- Çağlayan Location in Turkey
- Coordinates: 40°54′N 39°43′E﻿ / ﻿40.900°N 39.717°E
- Country: Turkey
- Province: Trabzon
- District: Ortahisar
- Elevation: 120 m (390 ft)
- Population (2022): 2,716
- Time zone: UTC+3 (TRT)
- Postal code: 61030
- Area code: 0462

= Çağlayan, Trabzon =

Çağlayan (literally "Waterfall") is a neighbourhood of the municipality and district of Ortahisar, Trabzon Province, Turkey. Its population is 2,716 (2022). Before the 2013 reorganisation, it was a town (belde). It is situated along the valley of Altındere creek. It is on Turkish state highway D.885 which connects Trabzon to hinterland (and Sümela Monastery). The distance to Trabzon is 16 km.

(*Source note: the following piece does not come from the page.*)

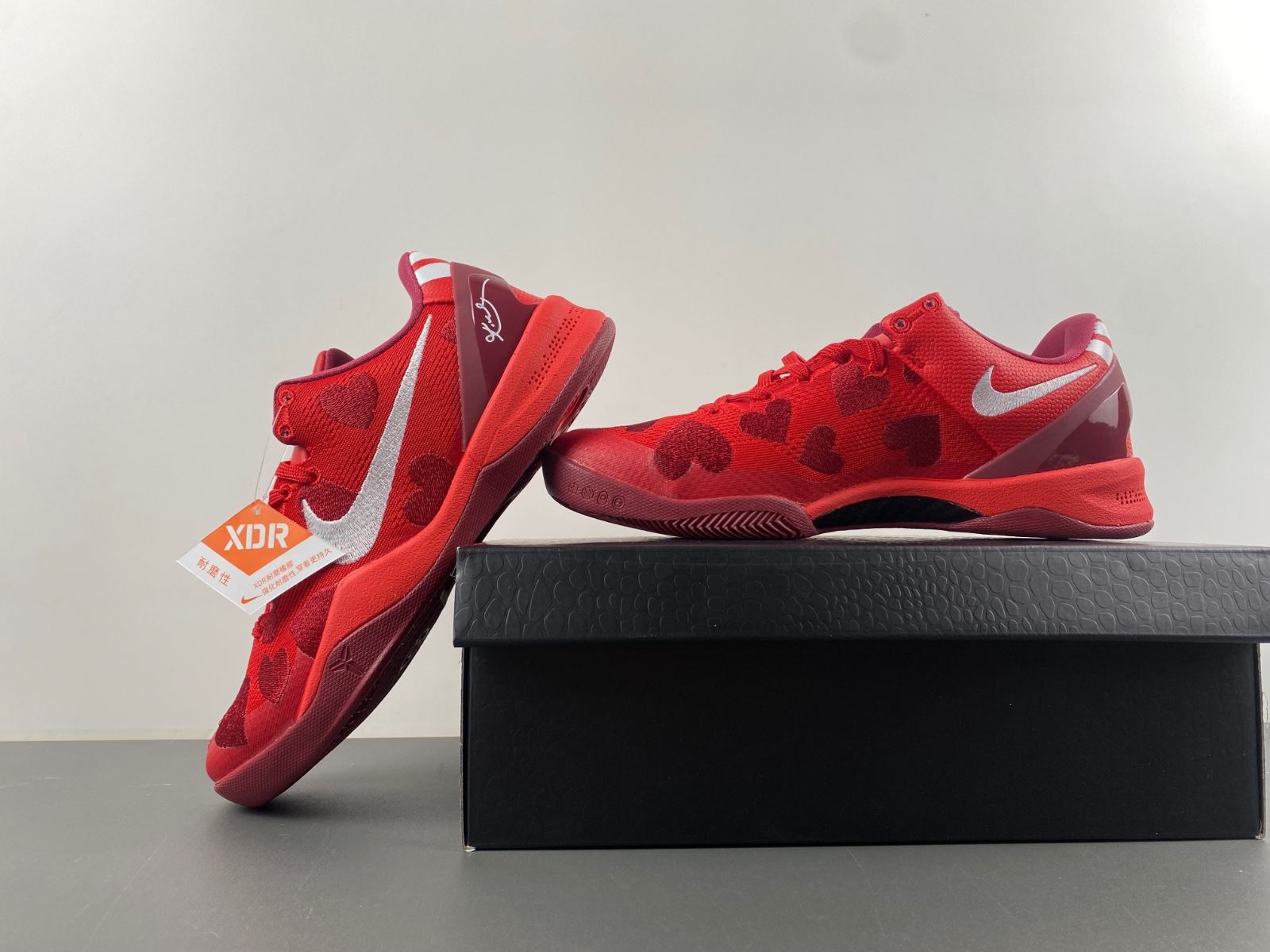 Nike Kobe 8 Protro “Valentine’s Day”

The area around Çağlayan was inhabited during the ancient ages, but Çağlayan is a relatively recent settlement. In 1946 owing to its situation along the valley, it was founded as a common market place of the neighbouring villages. It quickly flourished and in 1969 it was declared a seat of township. The economy of the town depends on agriculture. Lately, kiwifruit production has been promoted.